> _YOUR ASSIGNMENT_
Nothing but the lines from the one containing "Ideas despedida de soltera 👡 - 3" through the end of the data should be retyped, exactly as they stand, and pictures should not be retyped.

> _DATA FOR PROCESSING_
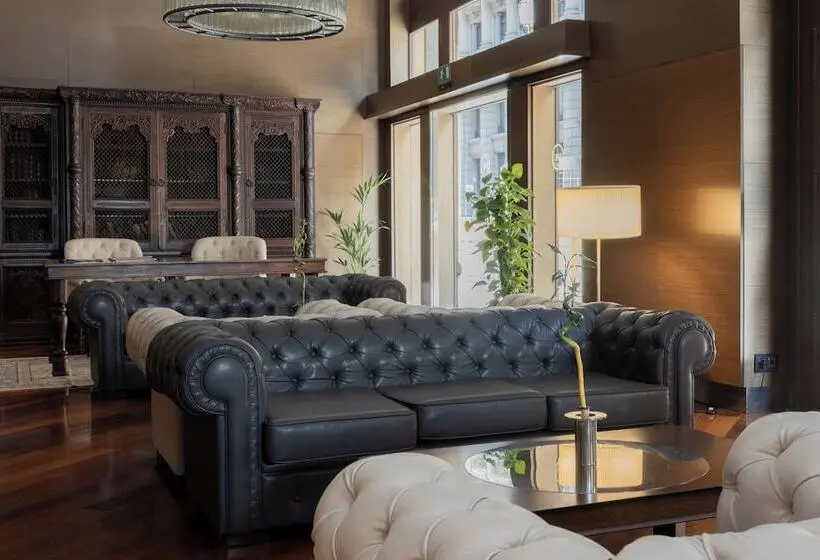 Barcelona Hotel Colonial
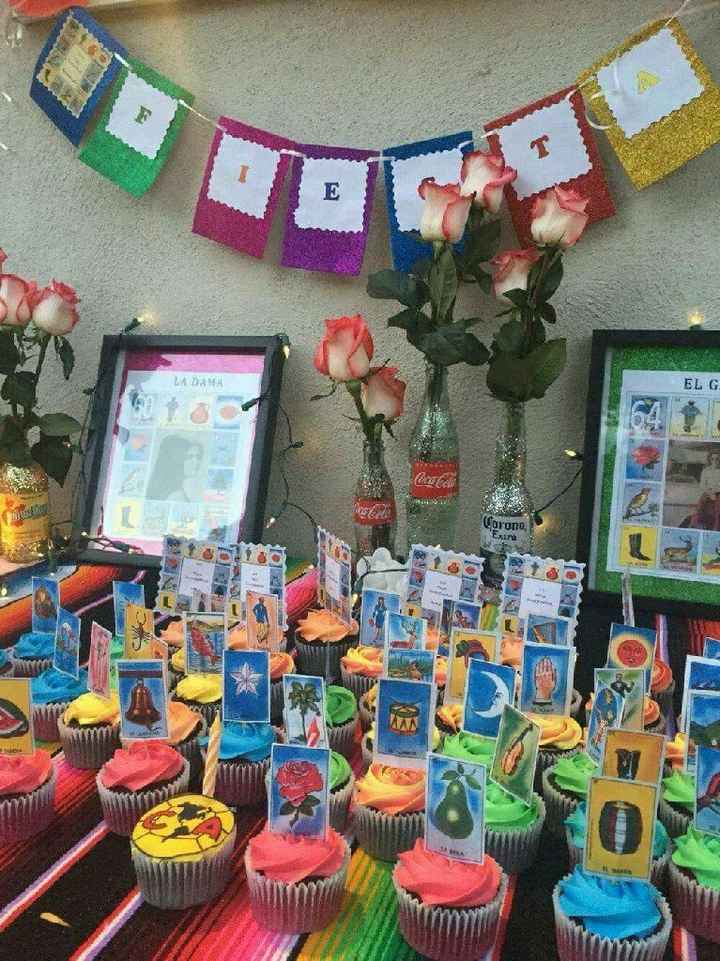 Ideas despedida de soltera 👡 - 3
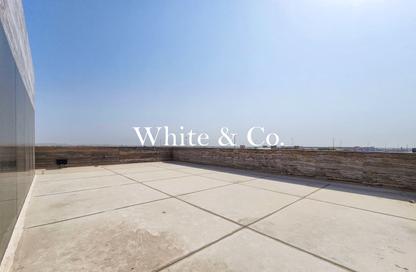 Office Space - Studio for rent in PG Avenue - Mushraif - Mirdif - Dubai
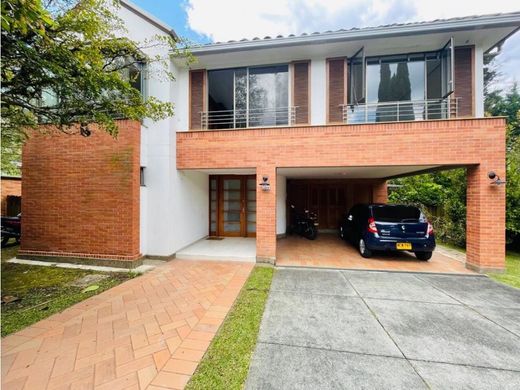 Luxury home in Medellín, Departamento de Antioquia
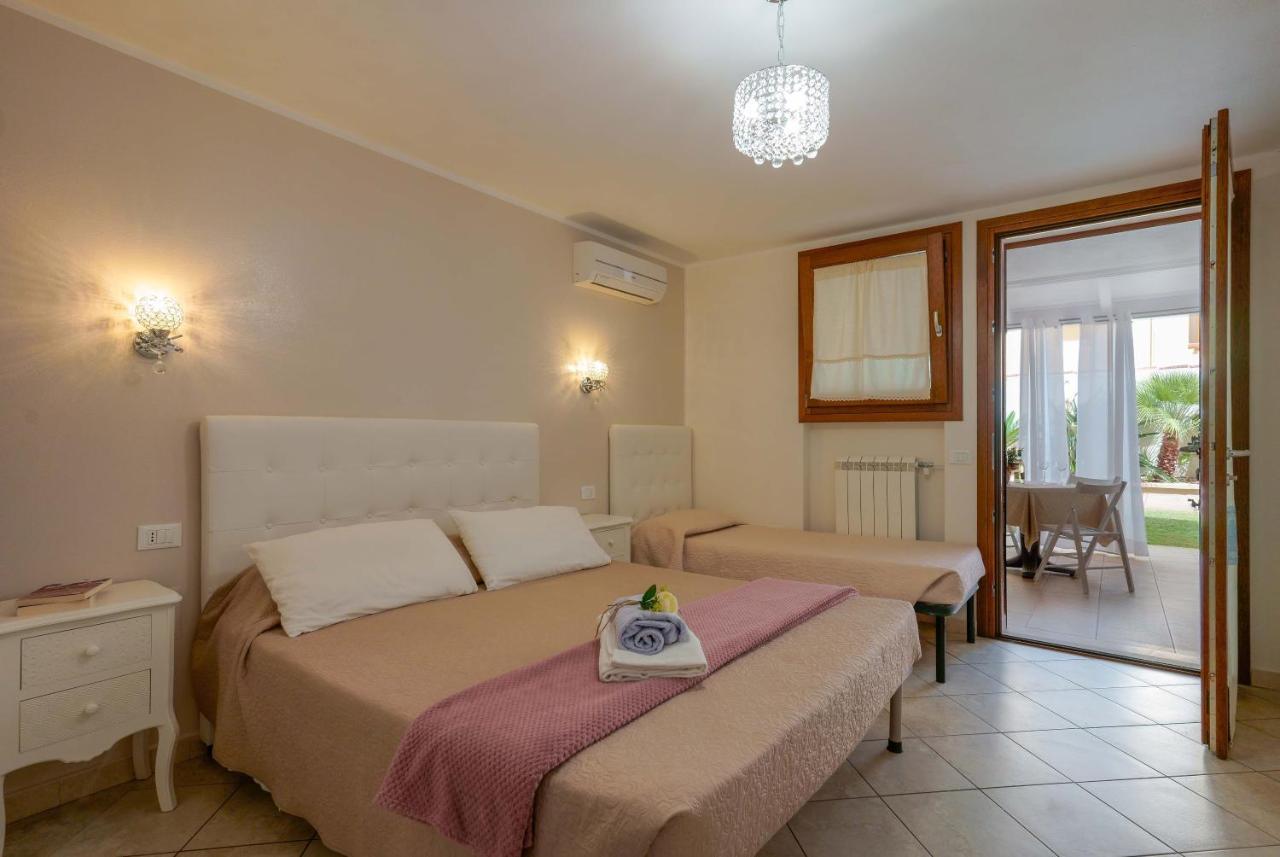 شقة Casa Nostra بولا المظهر الخارجي الصورة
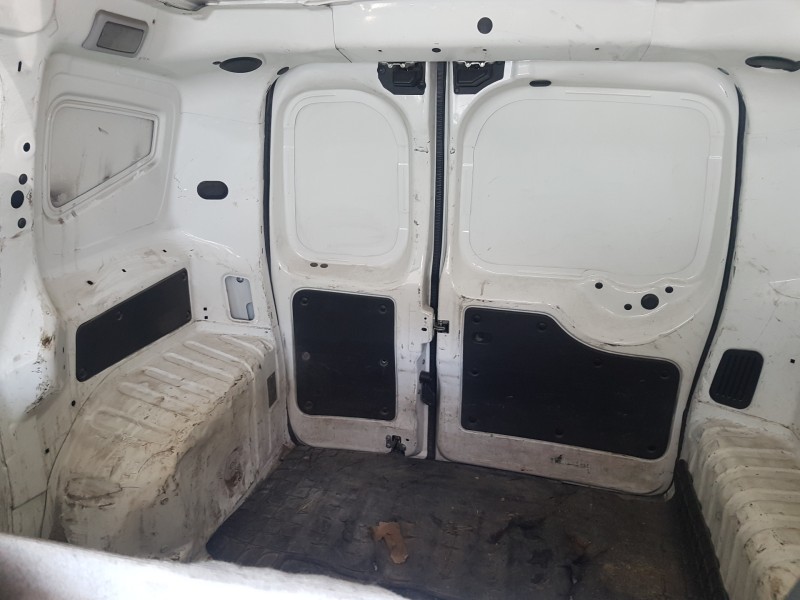 fiat fiorino del año 2013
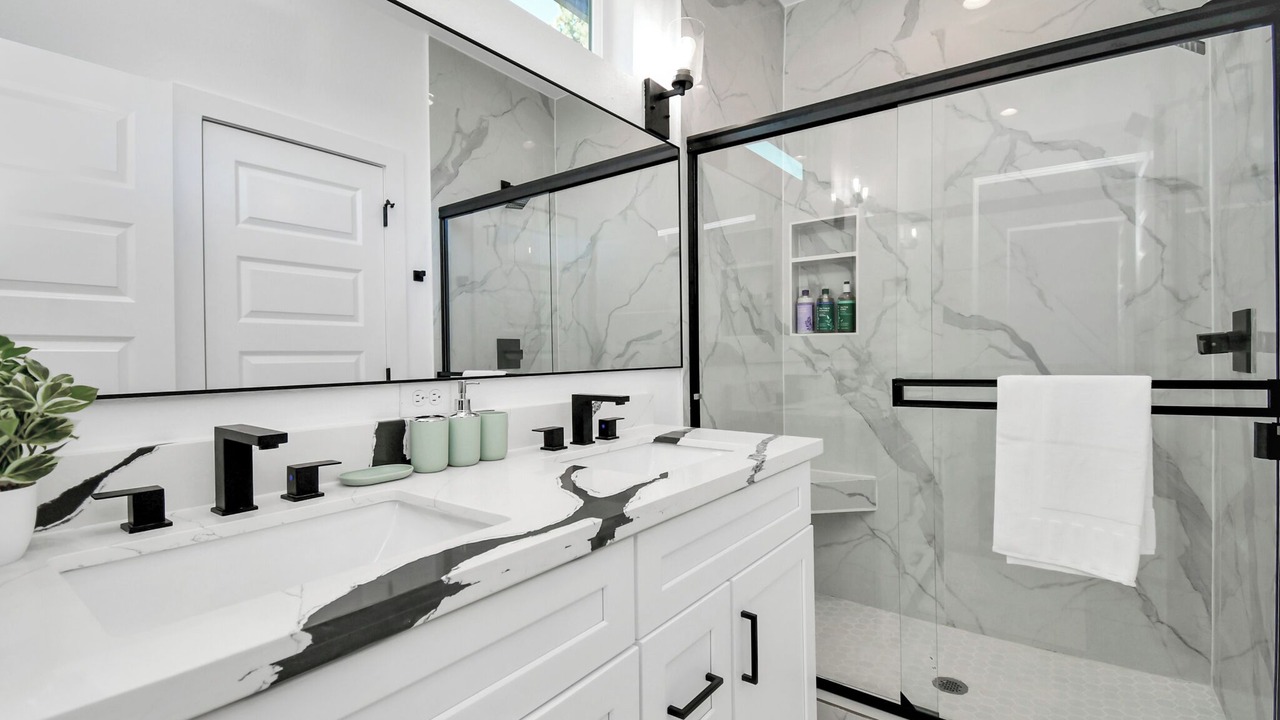 Photo of Bathroom in Northside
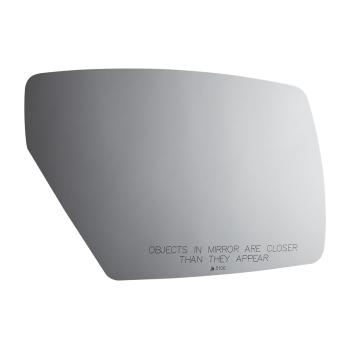 2004 Nissan Quest Door Mirror Glass Right Burco 5106 image 2 of 2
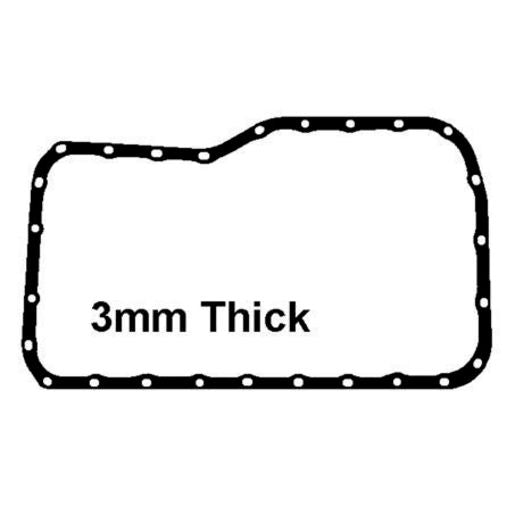 Permaseal Oil Pan Gasket SG3034
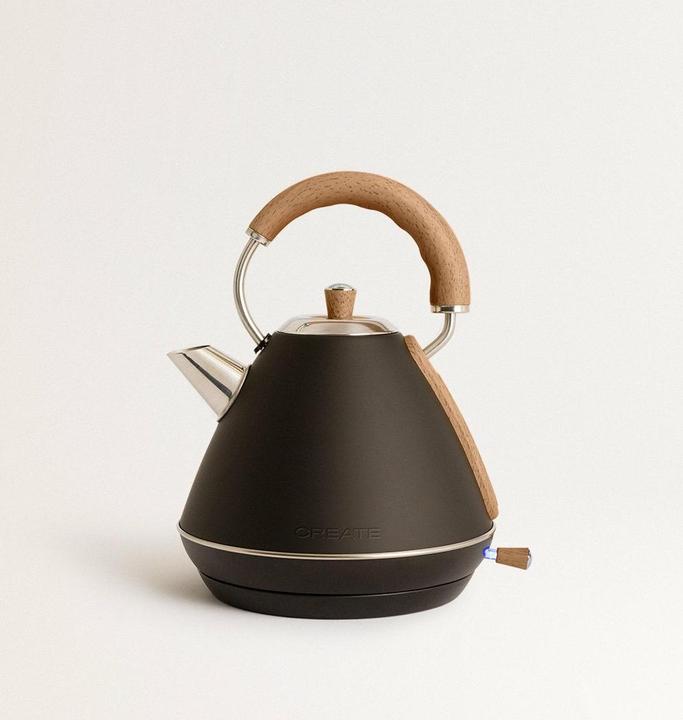 Produktbild Create KETTLE RETRO L - Wasserkocher 1.7L (1.70 l)
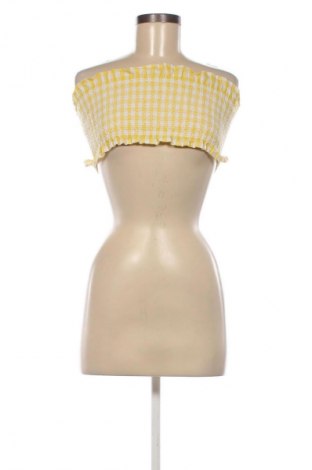 Damski top Unbranded, Rozmiar M, Kolor Kolorowy, Cena 67,20 zł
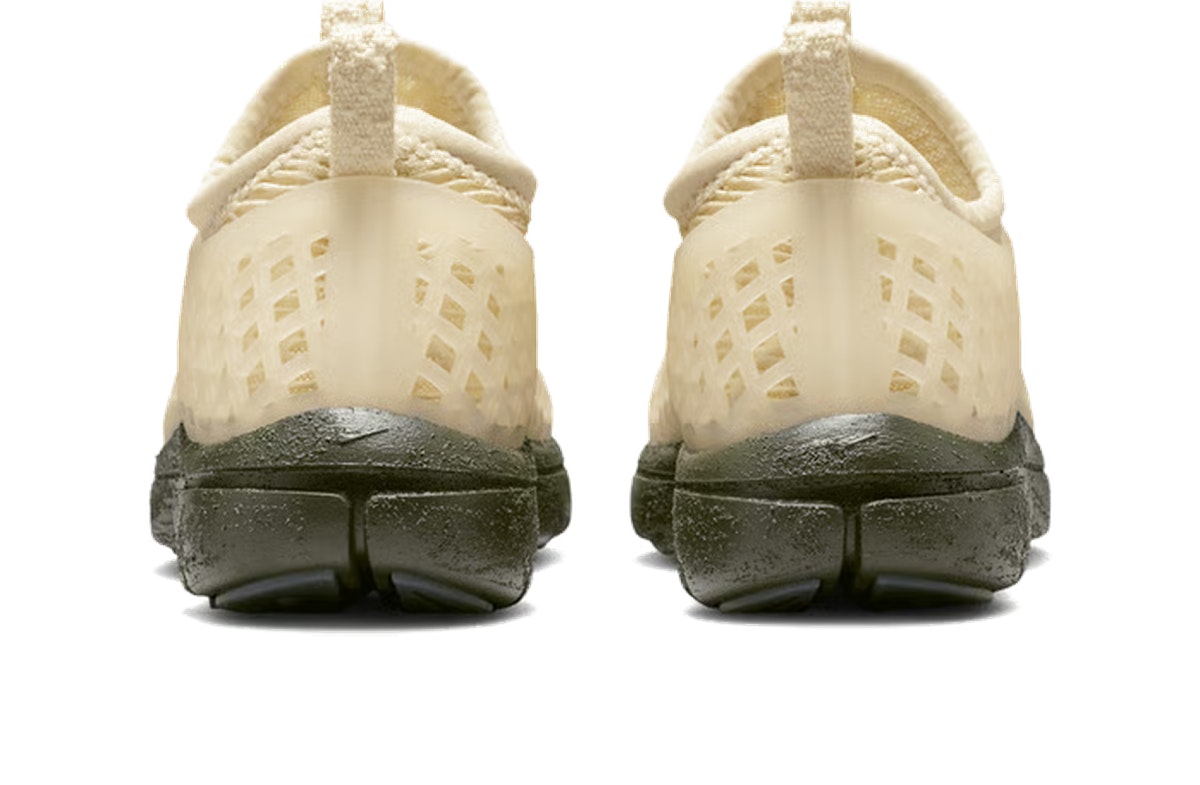 Nike Rejuven8 Run Sequoia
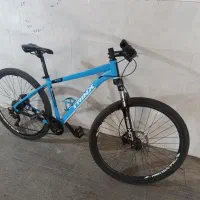 دوچرخه ترینکس m1000pro حرفه ای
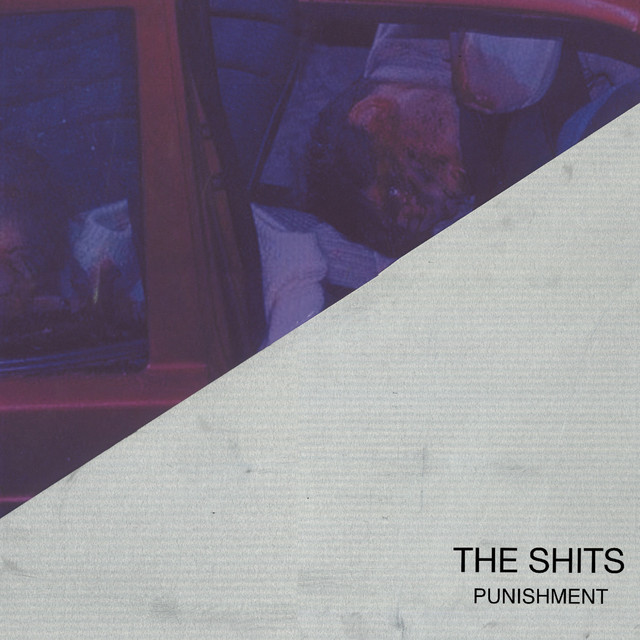 Punishment cover art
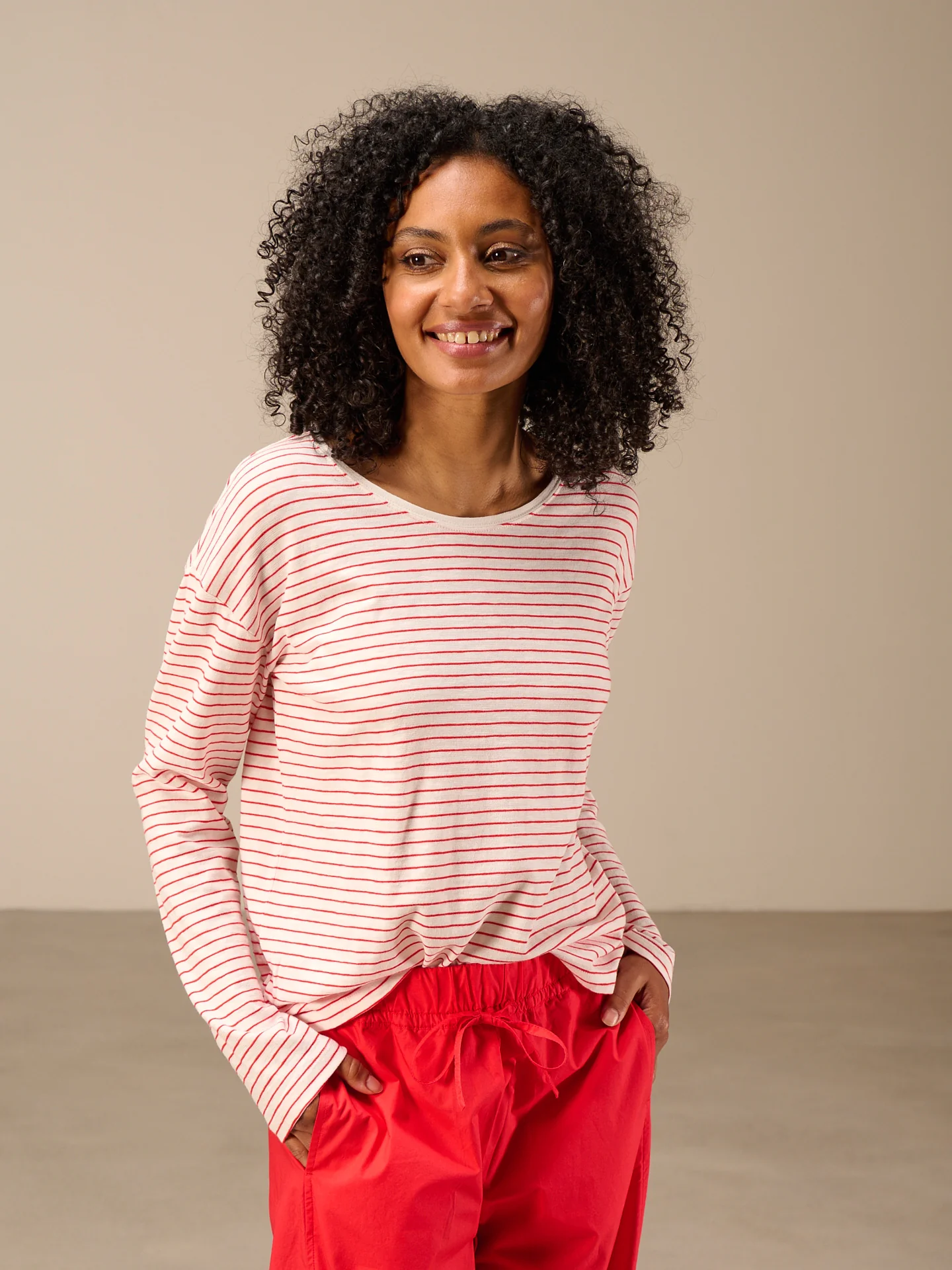 Langarmshirt - Image 13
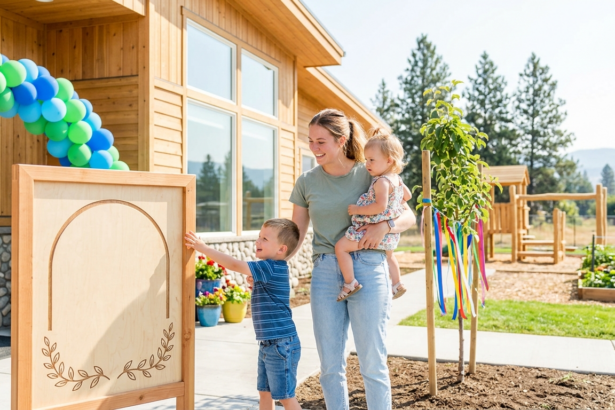 spokane head start family fresh program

> _THE COMPLETED TASK_
 Ideas despedida de soltera 👡 - 3
 Office Space - Studio for rent in PG Avenue - Mushraif - Mirdif - Dubai
 Luxury home in Medellín, Departamento de Antioquia
 شقة Casa Nostra بولا المظهر الخارجي الصورة
 fiat fiorino del año 2013
 Photo of Bathroom in Northside
 2004 Nissan Quest Door Mirror Glass Right Burco 5106 image 2 of 2
 Permaseal Oil Pan Gasket SG3034
 Produktbild Create KETTLE RETRO L - Wasserkocher 1.7L (1.70 l)
 Damski top Unbranded, Rozmiar M, Kolor Kolorowy, Cena 67,20 zł
 Nike Rejuven8 Run Sequoia
 دوچرخه ترینکس m1000pro حرفه ای
 Punishment cover art
 Langarmshirt - Image 13
 spokane head start family fresh program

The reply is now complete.